371 Sheet – American State Trials 1918 Volume X Leo Frank Document

Reading Time: 3 minutes [413 words]


Here is the translated text as follows:

LEO M. FRANK, 339

Let it be the doubt of a man who has conjured it up simply to acquit a friend, or a man that has been the friend of a friend; let it be the doubt of an honest, conscientious, upright juror, the noblest work of Almighty God.

Now, gentlemen of the jury, I tell you that when this statement you heard Frank make is scanned, it is susceptible of but one construction, and that is, that it is the statement of a guilty man, made to fit in these general circumstances, as they would have you believe.
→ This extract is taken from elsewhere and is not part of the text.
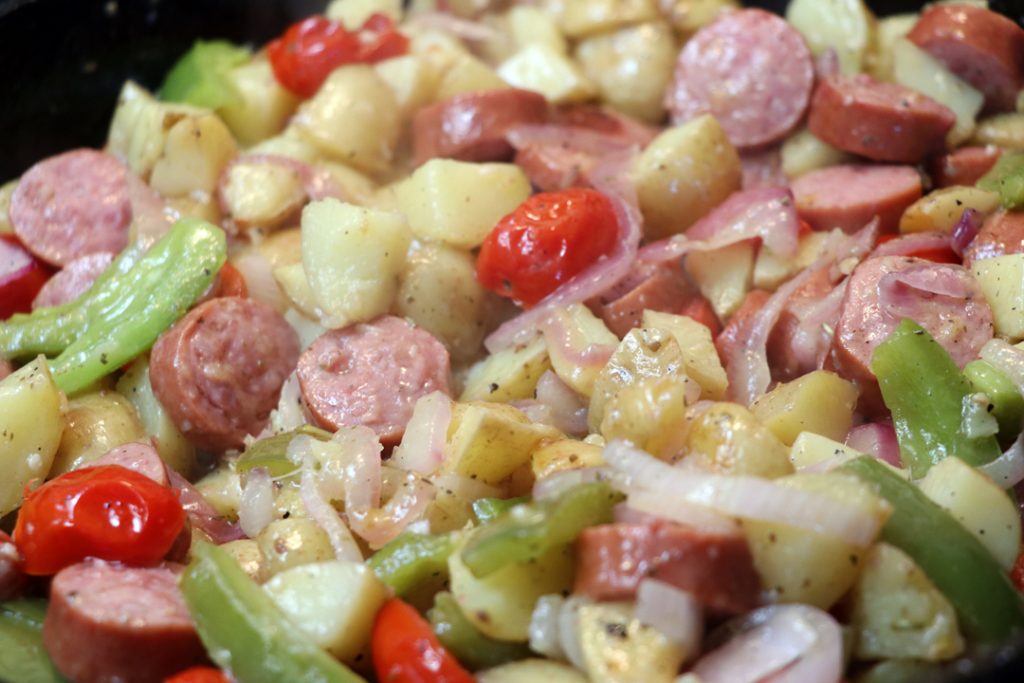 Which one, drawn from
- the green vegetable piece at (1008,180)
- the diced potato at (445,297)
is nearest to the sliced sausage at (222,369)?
the diced potato at (445,297)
These gentlemen here harped a great deal, gentlemen of the jury, "Are you going to convict him on this, are you going to convict him on that?" It isn't the law that circumstantial evidence is inferior to direct and positive evidence, and it is correct to instruct the jury that there is nothing in the nature of circumstantial evidence that renders it less reliable than other classes of evidence.

The illustration that they would seek, gentlemen of the jury, not by direct language did they do it in their argument to you, because we had already read them this authority, but they would bring up this isolated fact and that isolated fact and they would say, "Are you going to convict him on that?" I don't ask for your conviction on that. Two illustrations: first, each of the incidental facts surrounding the main fact in issue is a link in a chain, and that the chain is not stronger than its weakest link, this authority says is generally rejected as an incorrect metaphor and liable to misconstruction. The second illustration and the one that is approved is, each of the incidental facts surrounding the main facts in issue are compared to the strands in a rope, where none of them may be sufficient in itself, but all taken together may be strong enough to establish the guilt of the accused beyond a reasonable doubt.

And so they took isolated instance after isolated instance and then said, "Are you going to convict him on that?" I say no. But I do say that these instances each constitute a chain, or a cord—a strand in a cable, and that, when you get them all together, you have a cable that ought to hang anybody. That's the proposition. Not on this isolated instance alone, but on the cumulative effect of all the evidence presented.